Improving Financial Profile: Fitch expects ZTE to see steady margins in the next two years, driven by higher network sales and steadily rising enterprise network business. ZTE has already benefited from increased 4G investment in China, with its operating EBIT margin (including value-added tax refunds and subsidies) improving to 8.3% in 1H15 from 7.8% in 1H14, and debt/operating EBITDA decreasing to 4.4x from 5.7x over the same period.
Volatile Cash Conversion: High volatility in cash conversion will remain a constraint on ZTE's ratings. While ZTE's operating cash flow is likely to improve in 2015 and 2016, we expect its cash conversion will remain weak, due to higher working capital requirements stemming from more China 4G projects. We expect ZTE to see more meaningful improvement in cash conversion in 2017 or 2018 when the 4G capex cycle peaks and sales collection following project completions starts to exceed working capital needs for new projects.
High Leverage: We expect ZTE's free cash flow (FCF) to remain negative in the next two years due to higher working capital needs and the resumption of cash dividend payment, which will slow ZTE's deleveraging. We expect ZTE's FFO-adjusted leverage to stay above 4.0x in the next two years before sales collection accelerates significantly to drive strong operating cash flow generation.
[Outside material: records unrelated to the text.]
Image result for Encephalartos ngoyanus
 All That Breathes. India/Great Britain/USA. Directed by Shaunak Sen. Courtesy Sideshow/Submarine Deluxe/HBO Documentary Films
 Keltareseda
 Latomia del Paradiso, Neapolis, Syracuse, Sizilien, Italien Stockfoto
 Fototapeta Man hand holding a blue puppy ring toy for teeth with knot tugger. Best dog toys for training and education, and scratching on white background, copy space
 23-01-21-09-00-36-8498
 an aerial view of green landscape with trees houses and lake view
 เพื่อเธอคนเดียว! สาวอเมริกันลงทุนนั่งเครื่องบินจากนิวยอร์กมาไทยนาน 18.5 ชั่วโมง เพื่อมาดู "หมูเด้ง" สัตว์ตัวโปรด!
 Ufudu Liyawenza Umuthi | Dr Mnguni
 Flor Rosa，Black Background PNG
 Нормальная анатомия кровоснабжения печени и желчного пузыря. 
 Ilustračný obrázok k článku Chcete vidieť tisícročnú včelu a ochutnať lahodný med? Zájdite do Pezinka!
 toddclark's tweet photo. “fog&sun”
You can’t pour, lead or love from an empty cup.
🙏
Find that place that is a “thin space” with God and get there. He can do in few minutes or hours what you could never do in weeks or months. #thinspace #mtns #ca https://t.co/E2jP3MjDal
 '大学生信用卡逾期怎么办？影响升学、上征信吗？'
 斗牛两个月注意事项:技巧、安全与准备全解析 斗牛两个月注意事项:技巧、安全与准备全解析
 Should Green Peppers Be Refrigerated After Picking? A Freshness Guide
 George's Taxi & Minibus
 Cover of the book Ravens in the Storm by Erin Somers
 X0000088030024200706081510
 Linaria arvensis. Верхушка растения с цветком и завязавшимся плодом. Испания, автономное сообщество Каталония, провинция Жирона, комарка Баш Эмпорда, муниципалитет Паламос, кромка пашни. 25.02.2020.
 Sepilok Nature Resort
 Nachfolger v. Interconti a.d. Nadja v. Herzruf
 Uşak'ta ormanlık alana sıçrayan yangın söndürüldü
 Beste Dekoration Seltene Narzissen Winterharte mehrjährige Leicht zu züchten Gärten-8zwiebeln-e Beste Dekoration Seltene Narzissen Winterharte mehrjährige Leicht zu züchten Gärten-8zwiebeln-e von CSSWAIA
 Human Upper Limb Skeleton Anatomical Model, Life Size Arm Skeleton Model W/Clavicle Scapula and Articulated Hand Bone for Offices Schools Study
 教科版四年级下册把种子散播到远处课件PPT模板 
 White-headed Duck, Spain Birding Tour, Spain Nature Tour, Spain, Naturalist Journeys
ZTE had gross debt of CNY31.7bn at end-June 2015, including CNY3.7bn of bank advances on factored trade receivables and CNY7.5bn of medium-term notes.
KEY ASSUMPTIONS
Fitch's key assumptions within our rating case for the issuer include:
- China's telecoms capex to increase 5% yoy in 2015
- Operating EBIT margins (including value-added tax refunds and subsidies) at around 6%-7% in the next two years
- Dividend payout ratio of 20%-25% in the next two years
RATING SENSITIVITIES
No longer relevant as the ratings have been withdrawn.
LIQUIDITY
Adequate Liquidity: We expect ZTE to maintain adequate liquidity. Unrestricted cash of CNY17.6bn at end-June 2015 covered 135% of short-term debt and bank advances on factored trade receivables. In addition, the company is well-supported by Chinese banks.